Monday, April 26, 2010

The Gap in Albany: Can you hear the Sirens singing?

Sirens of the Southern Ocean

I wrote the following poem about the gap in Albany.

When I was a child of five in between chasing my father's golf buggy wheels down Parade Street and watching the whalers moor their Norwegian guns and depart for their rendezvous with the Sperm whales at the drop off to the continental shelf, in between these times I was periodically taken to the gap. I shun that place today for I believe it contains an uneasy spirit, a temper and aggrieved brooding.

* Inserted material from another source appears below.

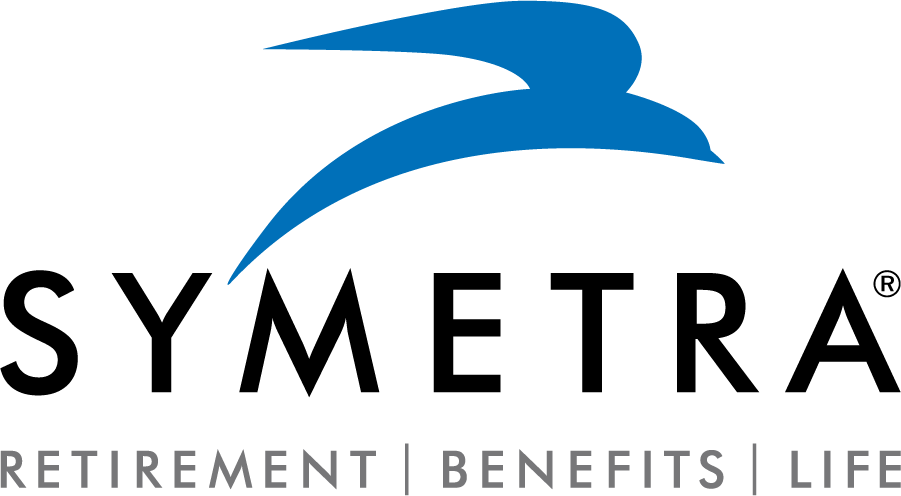 Symetra - Retirement | Benefits | Life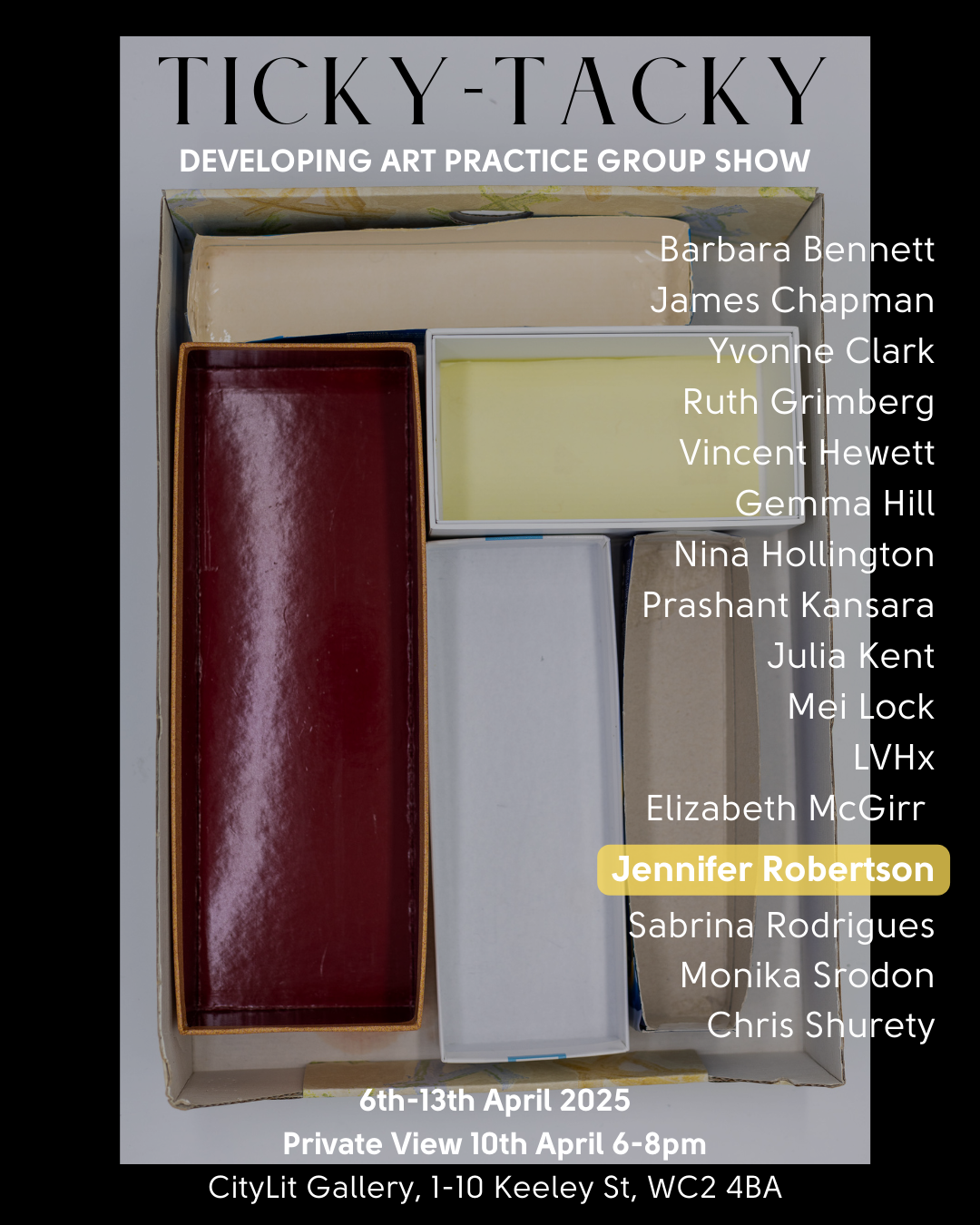 Jennifer Robertson.PNG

I remember in the late 60s, the sight of teenagers with their legs dangling over the edge. They sat as if tempting what ever it was that lived and waited for them, if ever one of them was to slip and fall. The deep blue of the ocean, cobalt blue, angry grey, and roar of swells came surging for the shoreline.

And I read the blog of the one who is a fisher-she, a fisherman of that sea and coastline and she who drifts upon this cobalt blue with ease leaves me pondering. I know where my respect or fear originates. As that same five year old I remember some fifteen children including myself in a cabin cruiser negotiating the shore break at a Lion's day picnic at Frenchman's bay, or some bay similar. The boat had strangely veered from its course and flipped, and I with eyes wide open under water grasped at brightly coloured bathing costumes that resembled seaweed and somehow, in those seconds that seemed minutes, I made it out from under that boat and the wash of confused sand and bubbles.

I remember as I cleared the confusion and crying mass of children, I remember my saviour and rescue party, my lone father running-struggling through the beach break in his Sunday suit (as we had just left the mass at St Josephs). That morning the two girls I had sat between on that boat left with busted foreheads. And I left with a deep and continuing respect for that southern ocean. I know too that the submarine shapes that gorged themselves on whale blubber from the whales that lay tethered to 44 gallon drums at the Whaling Station also had an effect on me. And in recent years some cousins from Nannup were lost to the southern ocean.

And now, every traveler I meet, I tell them, more like plead with them to be careful, full of care and to have respect for that southern ocean, that brooding ancient sea, that deepest blue who demands respect. Is it her eyes we look into but cannot see? Is it her songs in her breaking of waves and movement of tides that we cannot hear?

The Sirens of the Southern Ocean

Can you smell the salt air?

This scent of singing sirens whose mournful melody lingers, whose fingers rise from the cold worn rocks below – deep is their undertow – that reach to find you and would draw you near.

Can you taste the salt air?

This fingering fragmented froth that lingers seeks to touch you; reaches out to connect you with the sea and its mournful melody that holds to its memory of men and women lost who never understood the cost - of wandering too close to the sirens songs - to their tidal surge and singing and all their anguish bringing.

Too close so many have wandered till swept from view in a silent mournful moment, swept away.

Oh rock fishermen I pray for the lost, for those who seek the siren’s froth; through night time into day; in their passing away we miss them; will always miss them; would warn them please take care when they hear the sirens and feel the salt air that rises from the cold worn reef and rocks below.

Tis the siren's singing, for deep is their undertow. They want to draw you near.